■ PROBLEM
Once the pictures are removed, restate the data below word for word.

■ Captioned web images
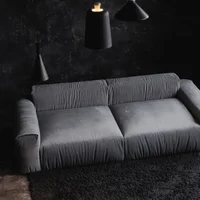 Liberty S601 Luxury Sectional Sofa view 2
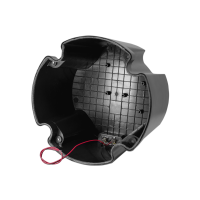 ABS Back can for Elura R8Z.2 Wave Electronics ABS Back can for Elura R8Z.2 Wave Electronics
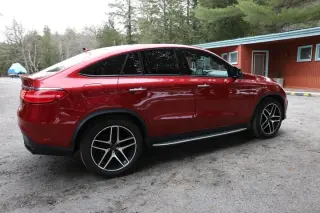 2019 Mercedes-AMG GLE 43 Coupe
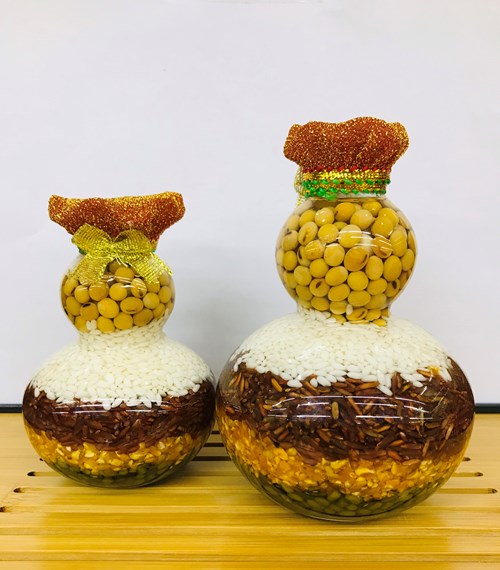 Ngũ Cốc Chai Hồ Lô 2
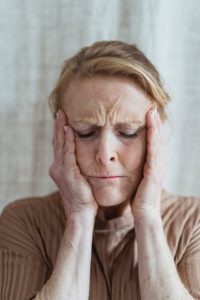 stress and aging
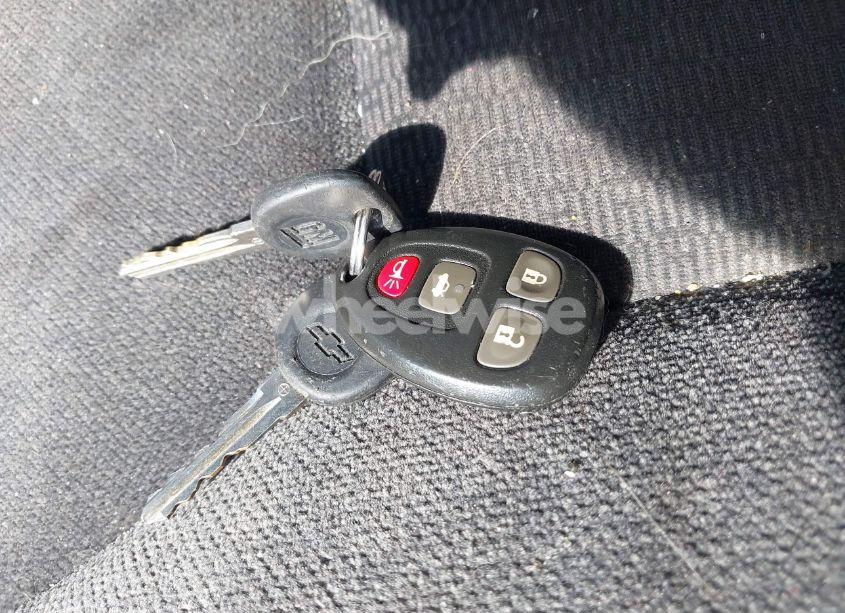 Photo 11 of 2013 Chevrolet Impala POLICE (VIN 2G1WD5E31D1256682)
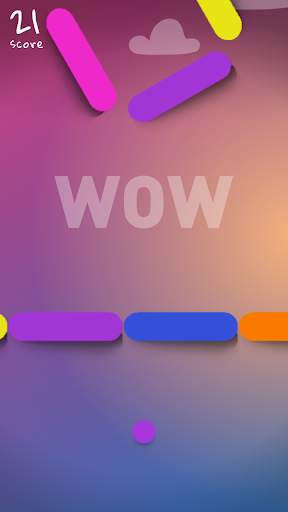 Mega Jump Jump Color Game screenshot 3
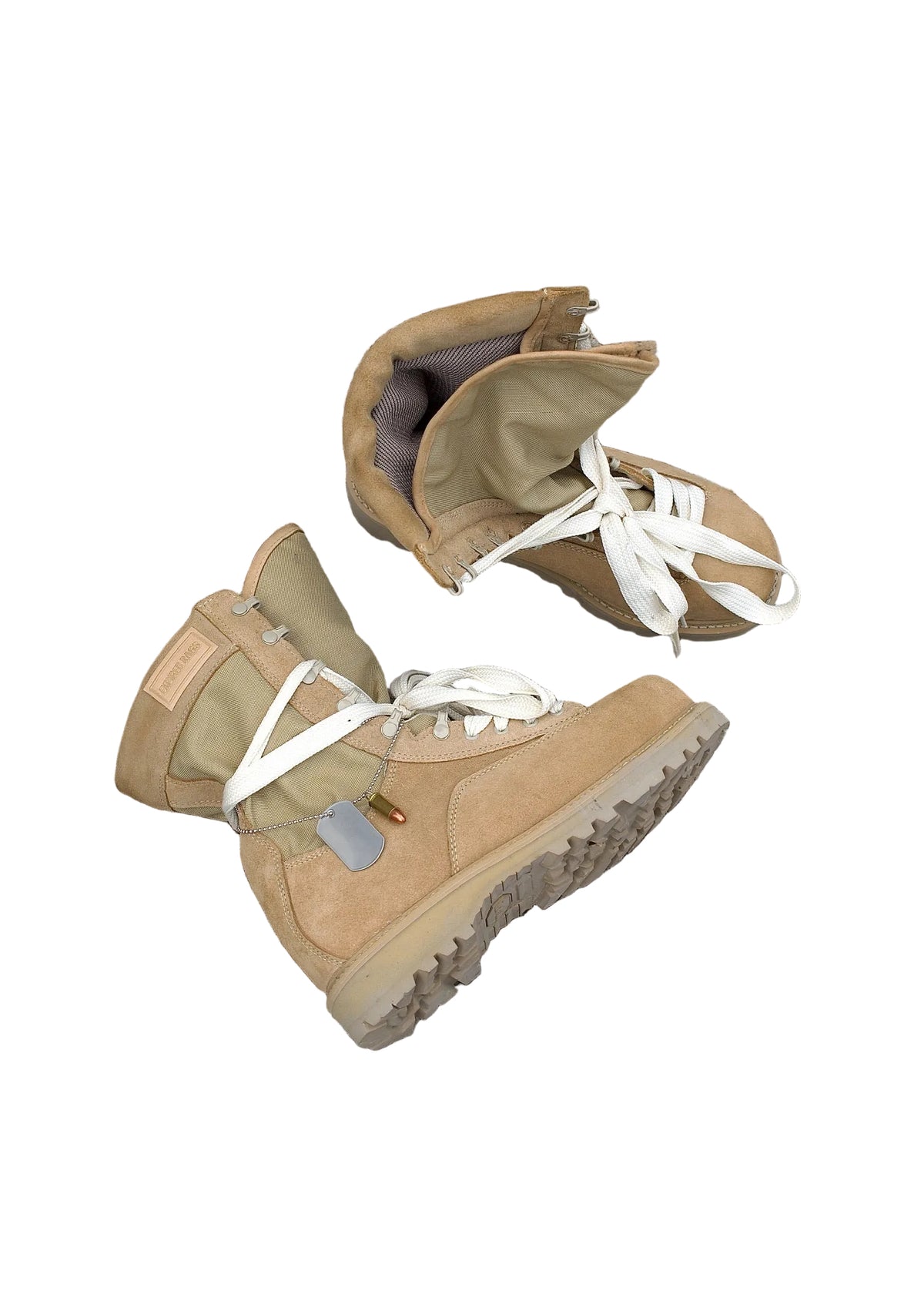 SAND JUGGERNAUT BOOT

■ RESPONSE BOX
 Liberty S601 Luxury Sectional Sofa view 2
 ABS Back can for Elura R8Z.2 Wave Electronics ABS Back can for Elura R8Z.2 Wave Electronics
 2019 Mercedes-AMG GLE 43 Coupe
 Ngũ Cốc Chai Hồ Lô 2
 stress and aging
 Photo 11 of 2013 Chevrolet Impala POLICE (VIN 2G1WD5E31D1256682)
 Mega Jump Jump Color Game screenshot 3
 SAND JUGGERNAUT BOOT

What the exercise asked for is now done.